(Bloomberg) — Manulife Financial Corp., Canada’s largest life insurer, is seeking to double the money in its Asia asset management and wealth unit within five years by coaxing retail savers to move funds from bank accounts.
Michael Dommermuth, who was promoted last month to head the unit, said he’ll focus on forming distribution partnerships, creating mutual funds and hiring more agents to sell its products. The operation has about $80 billion under management and Dommermuth said it’s his “central mission” to tap the $20 trillion sitting in bank accounts across the region of 4.4 billion people.
“Bank deposits are a relic of a bygone era,” Dommermuth said by phone from Hong Kong Thursday. “But we also require partnership. Because of the vast amounts of deposits held in the region, banks are a primary and important source of partnership for the distribution of wealth products.”

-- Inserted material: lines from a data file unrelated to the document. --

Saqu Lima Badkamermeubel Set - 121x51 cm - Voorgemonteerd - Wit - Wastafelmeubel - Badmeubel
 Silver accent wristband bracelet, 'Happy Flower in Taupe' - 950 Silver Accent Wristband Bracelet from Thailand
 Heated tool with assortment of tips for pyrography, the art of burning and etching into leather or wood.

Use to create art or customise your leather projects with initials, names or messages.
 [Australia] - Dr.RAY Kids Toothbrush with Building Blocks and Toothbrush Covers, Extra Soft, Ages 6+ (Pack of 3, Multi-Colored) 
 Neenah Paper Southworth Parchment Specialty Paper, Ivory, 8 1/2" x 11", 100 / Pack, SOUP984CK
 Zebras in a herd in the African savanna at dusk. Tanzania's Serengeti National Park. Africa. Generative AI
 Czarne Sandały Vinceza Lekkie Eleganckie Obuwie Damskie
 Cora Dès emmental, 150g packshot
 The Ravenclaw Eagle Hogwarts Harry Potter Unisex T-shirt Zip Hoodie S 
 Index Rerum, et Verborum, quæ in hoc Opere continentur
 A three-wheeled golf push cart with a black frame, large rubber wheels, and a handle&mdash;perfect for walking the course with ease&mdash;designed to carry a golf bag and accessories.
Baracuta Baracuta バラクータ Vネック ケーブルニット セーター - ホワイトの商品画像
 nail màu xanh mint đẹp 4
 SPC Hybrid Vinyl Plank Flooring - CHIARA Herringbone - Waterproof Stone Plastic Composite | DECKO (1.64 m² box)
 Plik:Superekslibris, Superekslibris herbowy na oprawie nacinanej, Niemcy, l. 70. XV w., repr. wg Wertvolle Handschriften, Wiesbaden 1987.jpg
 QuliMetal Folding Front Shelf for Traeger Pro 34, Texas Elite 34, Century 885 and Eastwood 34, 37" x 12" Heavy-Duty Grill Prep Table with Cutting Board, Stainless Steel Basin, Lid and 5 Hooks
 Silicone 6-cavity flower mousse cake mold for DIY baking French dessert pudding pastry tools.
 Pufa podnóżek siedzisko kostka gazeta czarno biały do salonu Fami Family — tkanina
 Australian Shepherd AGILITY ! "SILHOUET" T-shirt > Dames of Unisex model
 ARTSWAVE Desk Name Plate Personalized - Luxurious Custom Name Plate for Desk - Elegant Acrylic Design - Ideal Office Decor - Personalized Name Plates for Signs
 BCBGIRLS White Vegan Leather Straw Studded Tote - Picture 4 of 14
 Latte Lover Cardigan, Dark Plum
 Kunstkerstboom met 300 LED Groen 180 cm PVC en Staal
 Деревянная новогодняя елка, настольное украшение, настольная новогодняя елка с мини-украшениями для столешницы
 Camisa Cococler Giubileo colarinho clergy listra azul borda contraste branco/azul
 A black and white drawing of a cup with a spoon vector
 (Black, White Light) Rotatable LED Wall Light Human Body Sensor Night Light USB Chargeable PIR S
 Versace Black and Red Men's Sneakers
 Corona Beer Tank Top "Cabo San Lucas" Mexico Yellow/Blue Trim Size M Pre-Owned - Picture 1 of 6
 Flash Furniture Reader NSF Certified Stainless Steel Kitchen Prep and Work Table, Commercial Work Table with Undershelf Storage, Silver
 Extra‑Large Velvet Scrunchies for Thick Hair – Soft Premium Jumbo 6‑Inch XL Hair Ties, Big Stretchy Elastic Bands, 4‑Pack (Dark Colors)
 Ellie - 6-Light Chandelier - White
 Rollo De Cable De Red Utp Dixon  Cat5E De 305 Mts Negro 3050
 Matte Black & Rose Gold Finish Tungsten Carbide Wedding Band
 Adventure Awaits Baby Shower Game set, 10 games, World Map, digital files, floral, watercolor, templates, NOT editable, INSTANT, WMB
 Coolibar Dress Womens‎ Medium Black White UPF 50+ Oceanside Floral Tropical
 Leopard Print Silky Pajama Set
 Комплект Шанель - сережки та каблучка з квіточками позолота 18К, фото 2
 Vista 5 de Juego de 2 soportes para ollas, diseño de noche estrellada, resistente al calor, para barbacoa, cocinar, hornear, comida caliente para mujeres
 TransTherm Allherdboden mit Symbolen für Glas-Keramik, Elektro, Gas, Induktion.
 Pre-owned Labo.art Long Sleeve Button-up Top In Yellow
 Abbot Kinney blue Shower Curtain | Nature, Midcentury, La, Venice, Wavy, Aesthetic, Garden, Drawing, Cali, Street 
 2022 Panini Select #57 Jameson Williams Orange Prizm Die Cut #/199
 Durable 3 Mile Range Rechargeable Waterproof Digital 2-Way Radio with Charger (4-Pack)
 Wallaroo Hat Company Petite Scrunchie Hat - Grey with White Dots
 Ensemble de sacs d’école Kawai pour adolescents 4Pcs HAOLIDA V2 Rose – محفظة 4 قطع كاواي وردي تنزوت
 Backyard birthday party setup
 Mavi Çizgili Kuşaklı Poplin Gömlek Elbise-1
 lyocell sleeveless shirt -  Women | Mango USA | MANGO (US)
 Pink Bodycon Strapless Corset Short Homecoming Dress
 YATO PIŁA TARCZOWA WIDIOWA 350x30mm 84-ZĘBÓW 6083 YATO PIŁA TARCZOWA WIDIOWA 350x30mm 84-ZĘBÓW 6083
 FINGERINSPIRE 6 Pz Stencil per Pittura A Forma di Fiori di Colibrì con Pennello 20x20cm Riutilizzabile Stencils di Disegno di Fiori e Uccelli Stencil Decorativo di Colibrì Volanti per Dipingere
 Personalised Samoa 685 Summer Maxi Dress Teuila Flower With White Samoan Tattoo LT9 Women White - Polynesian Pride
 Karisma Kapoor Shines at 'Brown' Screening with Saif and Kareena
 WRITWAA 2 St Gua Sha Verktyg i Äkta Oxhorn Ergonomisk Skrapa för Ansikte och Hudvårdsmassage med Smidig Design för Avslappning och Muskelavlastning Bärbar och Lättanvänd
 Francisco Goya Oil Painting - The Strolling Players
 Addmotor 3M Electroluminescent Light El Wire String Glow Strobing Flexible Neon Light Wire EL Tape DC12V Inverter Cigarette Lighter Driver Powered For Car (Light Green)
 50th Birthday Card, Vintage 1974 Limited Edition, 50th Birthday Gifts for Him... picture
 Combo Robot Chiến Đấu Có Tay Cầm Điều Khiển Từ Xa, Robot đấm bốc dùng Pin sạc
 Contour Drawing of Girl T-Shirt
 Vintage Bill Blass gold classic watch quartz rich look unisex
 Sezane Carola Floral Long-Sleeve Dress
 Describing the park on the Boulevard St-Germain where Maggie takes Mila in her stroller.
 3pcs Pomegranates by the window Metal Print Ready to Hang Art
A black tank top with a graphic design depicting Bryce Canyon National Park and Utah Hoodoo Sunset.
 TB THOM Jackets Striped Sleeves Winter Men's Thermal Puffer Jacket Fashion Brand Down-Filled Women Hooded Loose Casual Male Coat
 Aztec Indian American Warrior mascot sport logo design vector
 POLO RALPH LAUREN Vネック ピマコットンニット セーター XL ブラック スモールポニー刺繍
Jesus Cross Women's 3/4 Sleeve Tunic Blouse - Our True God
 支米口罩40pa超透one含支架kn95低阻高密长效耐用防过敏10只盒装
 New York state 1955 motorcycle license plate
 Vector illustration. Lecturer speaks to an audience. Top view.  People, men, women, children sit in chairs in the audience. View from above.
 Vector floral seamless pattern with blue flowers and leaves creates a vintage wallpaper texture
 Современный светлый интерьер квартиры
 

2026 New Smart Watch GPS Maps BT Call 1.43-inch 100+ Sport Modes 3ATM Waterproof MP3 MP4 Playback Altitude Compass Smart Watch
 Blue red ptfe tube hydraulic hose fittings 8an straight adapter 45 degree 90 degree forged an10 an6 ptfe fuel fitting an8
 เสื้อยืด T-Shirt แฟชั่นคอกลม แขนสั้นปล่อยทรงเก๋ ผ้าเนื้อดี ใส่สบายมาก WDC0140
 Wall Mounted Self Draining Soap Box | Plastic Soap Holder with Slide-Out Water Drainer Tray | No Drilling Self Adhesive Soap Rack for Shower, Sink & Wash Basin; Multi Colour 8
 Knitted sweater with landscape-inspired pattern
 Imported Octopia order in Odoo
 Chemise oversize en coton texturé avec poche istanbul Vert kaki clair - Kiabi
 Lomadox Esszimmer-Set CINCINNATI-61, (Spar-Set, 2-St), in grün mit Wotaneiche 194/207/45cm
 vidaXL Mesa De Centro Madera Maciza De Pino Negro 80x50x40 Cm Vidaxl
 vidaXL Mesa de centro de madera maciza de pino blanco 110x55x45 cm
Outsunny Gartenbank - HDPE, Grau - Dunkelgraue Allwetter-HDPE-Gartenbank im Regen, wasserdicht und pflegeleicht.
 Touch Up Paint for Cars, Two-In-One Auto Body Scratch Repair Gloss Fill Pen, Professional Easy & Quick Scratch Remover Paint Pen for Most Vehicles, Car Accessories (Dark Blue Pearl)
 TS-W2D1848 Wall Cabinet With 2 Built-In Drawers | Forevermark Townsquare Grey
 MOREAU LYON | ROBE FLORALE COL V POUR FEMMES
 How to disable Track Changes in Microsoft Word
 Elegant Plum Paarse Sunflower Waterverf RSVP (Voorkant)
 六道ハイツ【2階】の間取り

The insurer this year announced a deal with Citigroup Inc. to distribute the Toronto-based company’s mutual funds in Indonesia, where Manulife has agreements with at least a dozen banks. Dommermuth said he plans to add more banking deals this year in markets such as Hong Kong and China.
Dommermuth was named last month to integrate the insurer’s wealth and asset management units in 10 Asian markets including Singapore and Thailand. He now oversees the 140 investment managers who allocate funds for retail clients, as well as the retail distribution of products such as mutual funds.